● **EXERCISE DIRECTIONS**
Transcribe the entries that come next exactly, but not the pictures they contain.

● **PROVIDED RECORDS**

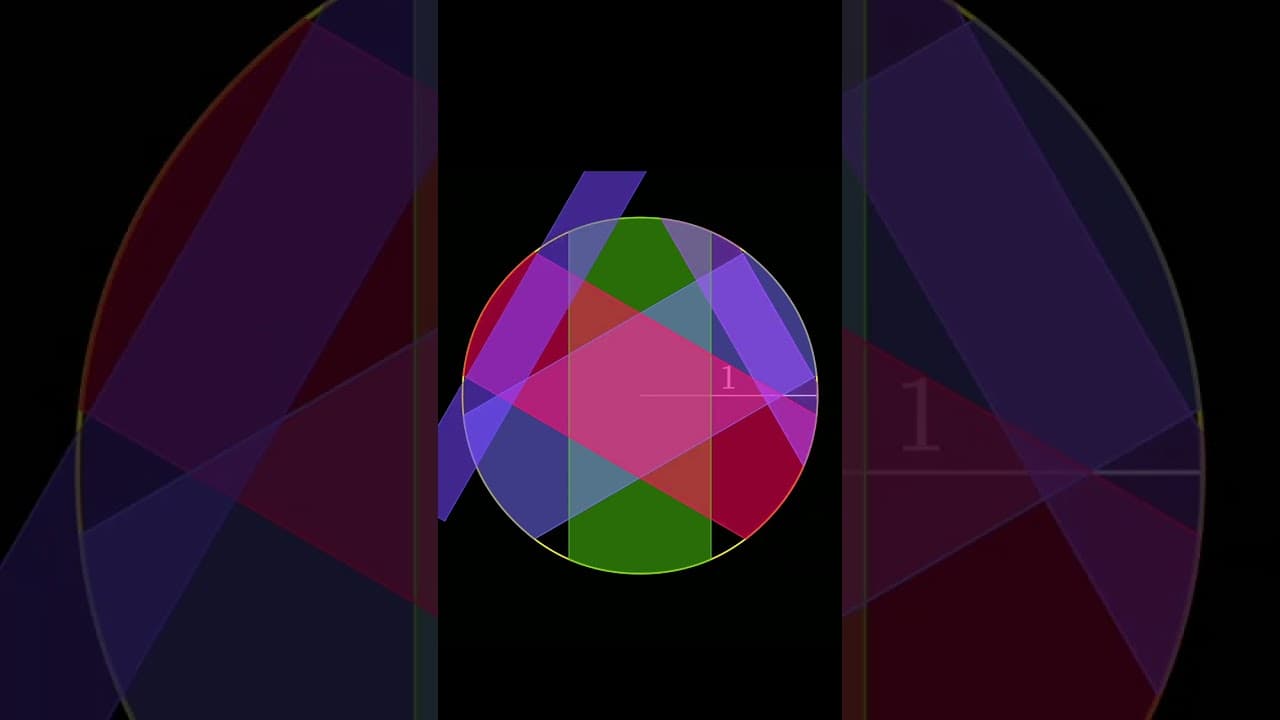 This puzzle is trickier than it seems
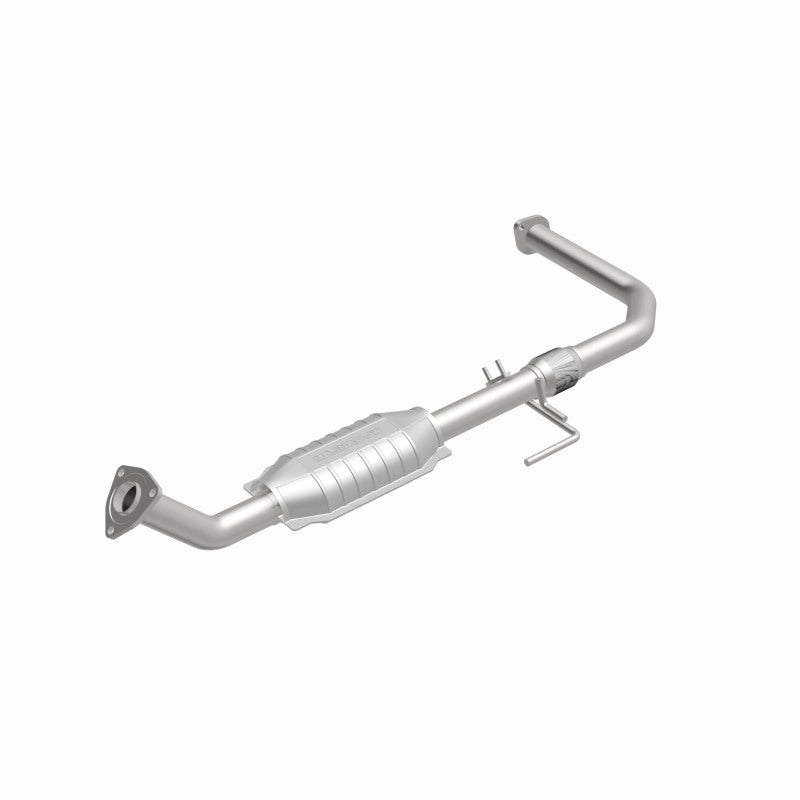 MagnaFlow Conv DF 00-04 Toyota Tundra V8 4.7L Gasolina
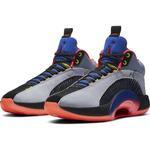 Баскетбольные кроссовки Air Jordan XXXV "Center of Gravity" | DC1492-001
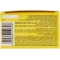 Bloom - 2in1 Hair dye N. 600 Dark blonde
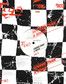 Płyta Vinylowa Maxi singiel Tiga ‎– Louder Than A Bomb
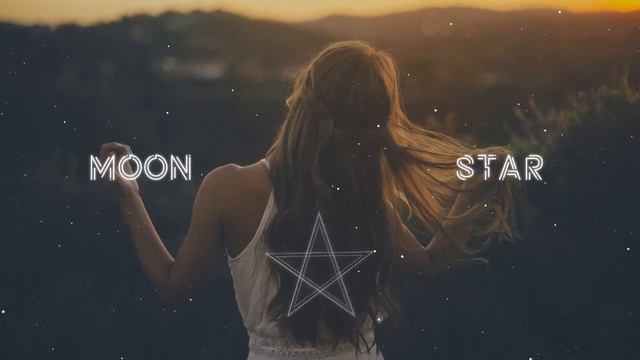 Xan1love - Душа Моей души смотреть онлайн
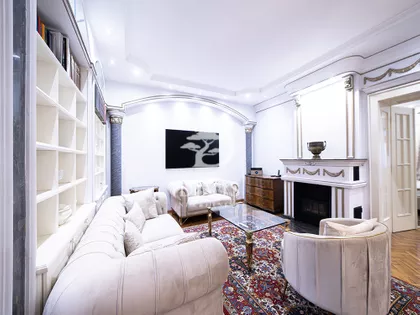 Maršala Birjuzova bb | 4zida.rs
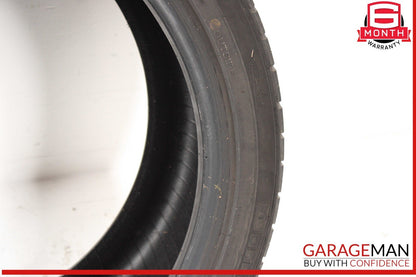 Radar Dimax AS-8 295/35ZR20 105W Wheel Tire OEM
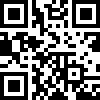 https://isna.ir/xdNZ3X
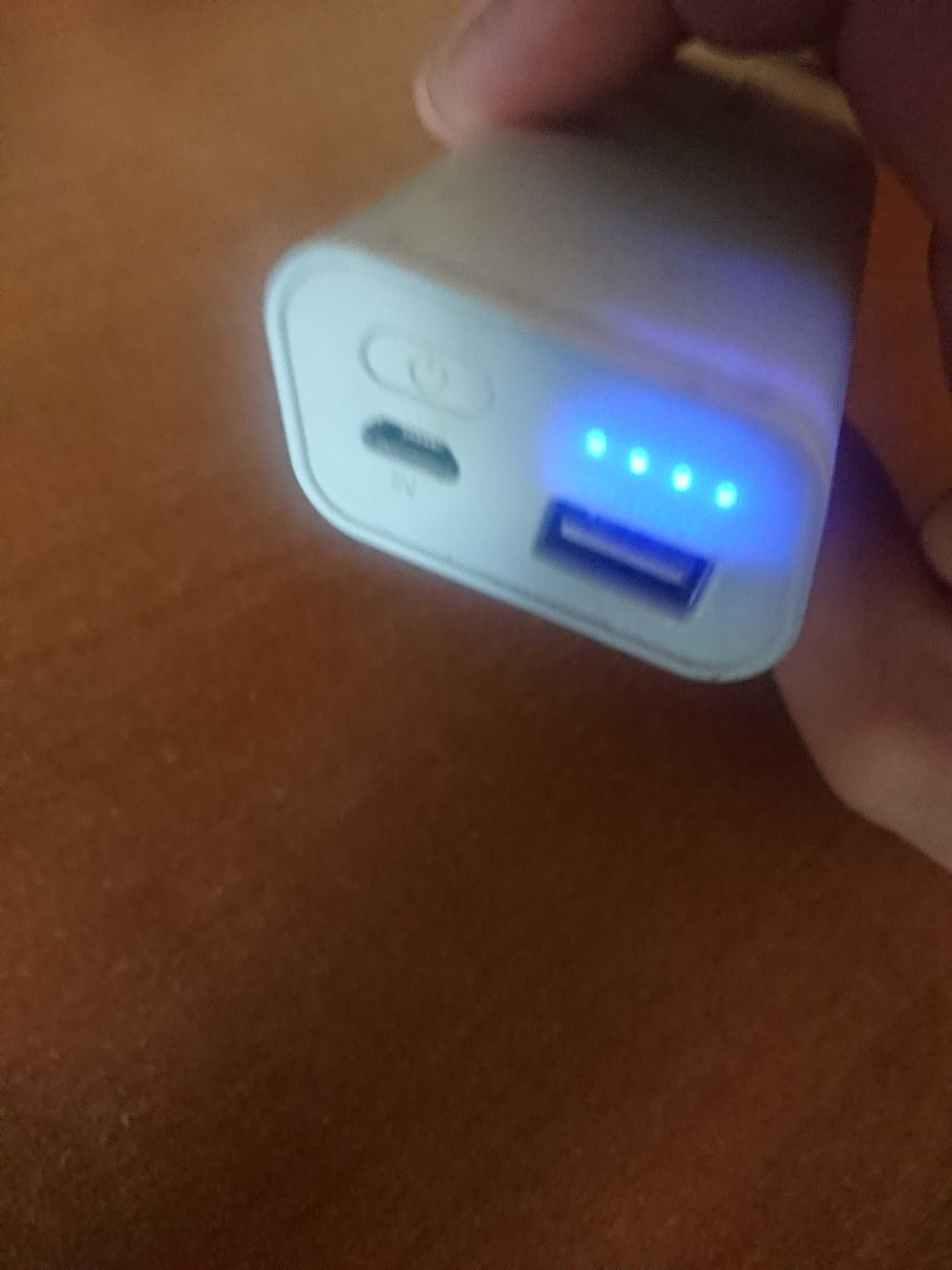 Продам Power Bank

● **SOLUTION TO THIS EXERCISE**
 This puzzle is trickier than it seems
 MagnaFlow Conv DF 00-04 Toyota Tundra V8 4.7L Gasolina
 Баскетбольные кроссовки Air Jordan XXXV "Center of Gravity" | DC1492-001
 Bloom - 2in1 Hair dye N. 600 Dark blonde
 Płyta Vinylowa Maxi singiel Tiga ‎– Louder Than A Bomb
 Xan1love - Душа Моей души смотреть онлайн
 Maršala Birjuzova bb | 4zida.rs
 Radar Dimax AS-8 295/35ZR20 105W Wheel Tire OEM
 https://isna.ir/xdNZ3X
 Продам Power Bank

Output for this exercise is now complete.